Zendesk released Custom Statuses in EAP late September. It expands on the regular open, pending, on hold statuses with an option to add subtypes for each.

It allows you to give more context with a specific status update, but it can also make setting up automations and triggers a lot easier.
You can find full documentation here or check the article below for a nice proof of concept flow.

Automating Pending tickets.

Without any automations, a typical ticket flow looks like this:

A better way is one where we add a reminder via an automation. That way, if a customer does not reply, we remind them and gently nudge them to reply.
If the customer still does not react, we can then add a final automation that either solves the ticket silently, or re-opens the ticket so the agent can either remind the customer one more time.

Automatic reminder emails

The reminder increases reply rates and often pulls reply time forward. Instead of the agents’ email lingering in the customers’ inbox, the reminder is just annoying enough that most customers do reply immediately, either because they forgot the first reply, or because they don’t want any more reminders.
And with a faster reply comes better handling time and thus better CSAT.

Changing the status

The second automation can be used to either resurface the ticket to your agents, or remove it from the queue. Which one you choose depends to your specific use case and the ticket content.

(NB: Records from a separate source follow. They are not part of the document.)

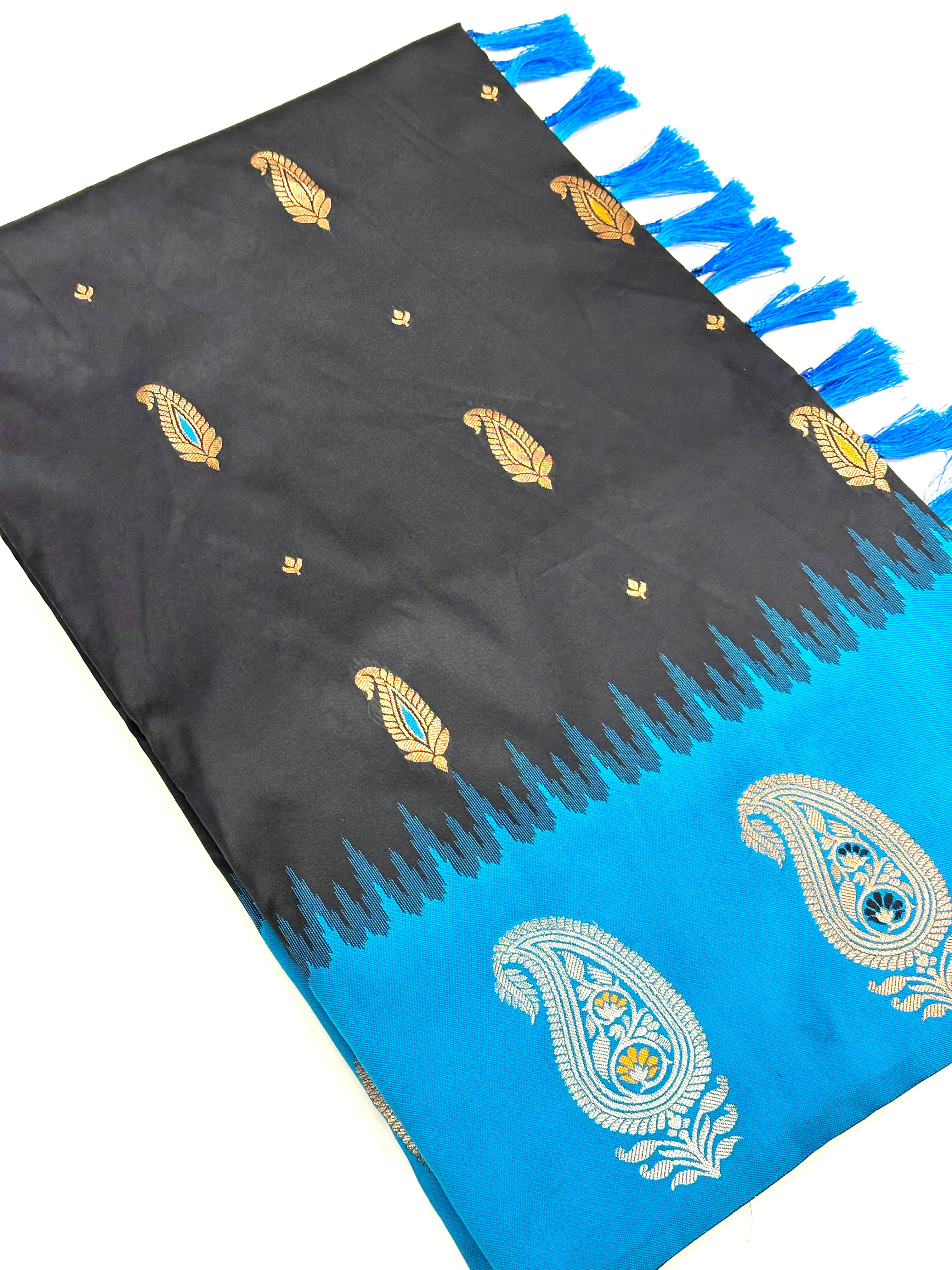 Balck Mango Butti Soft Silk Saree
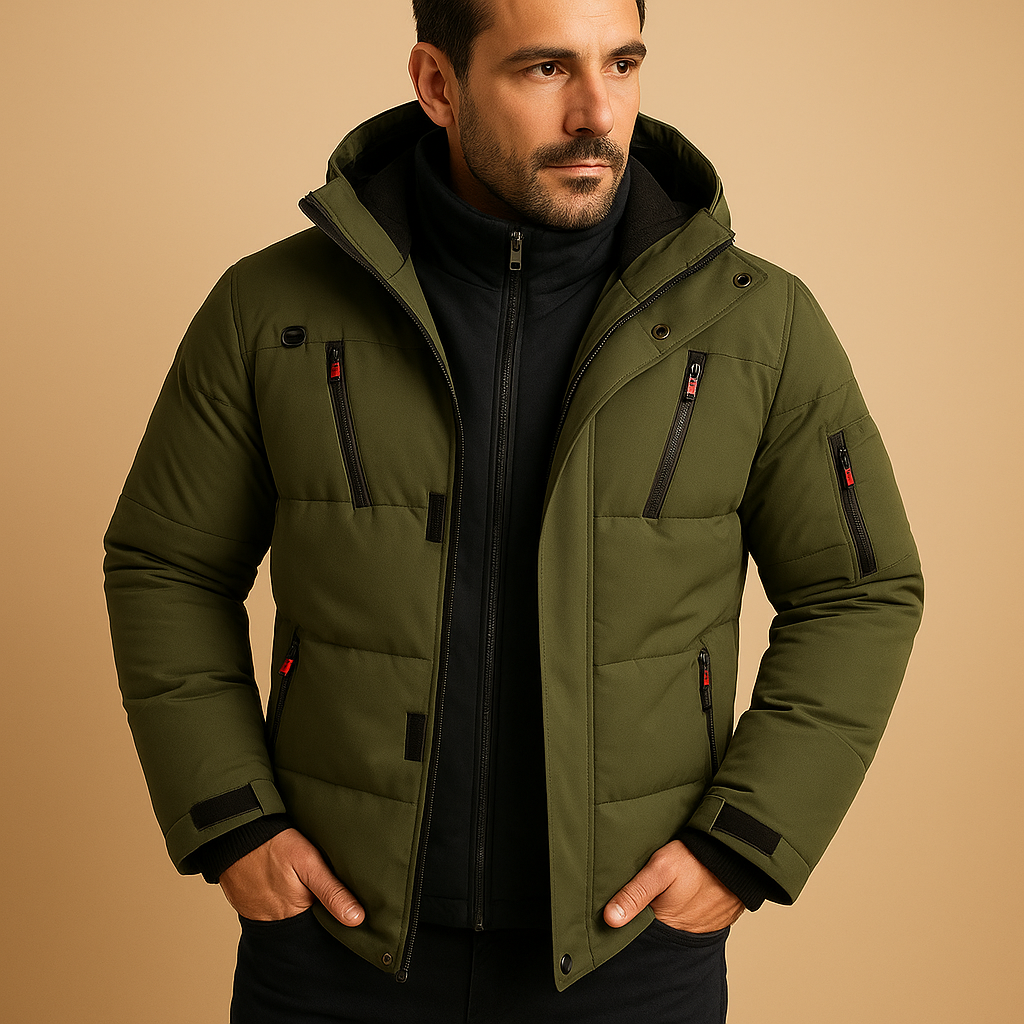Men's Winter Jackets with Quilted Puffer Design and Zippered Pockets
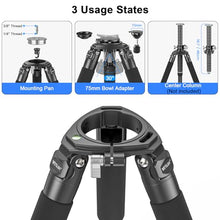 Load image into Gallery viewer, 63&quot; Carbon Fiber Tripod for Camera Heavy Duty Tripod WEYLLAN NX9 40mm Leg 10 layer Carbon Tripod Professional Camera Stand with 75mm Bowl Adapter for Zoom Lens, Bird Photography, DSLR, Load 88lbs/40kg
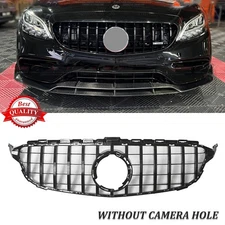 Black Front Grille For Mercedes Benz W205 C-Class C200 C300 C250 2019-2021 Grill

You can either solve tickets the customers hasn’t replied to or re-open them.

Automatic solving is ideal for tickets where you await a confirmation.

I can’t print > Try this > .. silence.

If the customer can print they often don’t bother replying, leaving the ticket pending forever.

Automatic opening is useful for complex tickets or tickets where the agent needs more information before able to go forward. In those cases re-opening allows for a personal reply to get the answer, or to solve the ticket anyway since they can see no reply will ever come.
Since the original reminder already turned a lot of silent tickets into actual replies, the amount of tickets surfaced by this last automation is greatly reduced.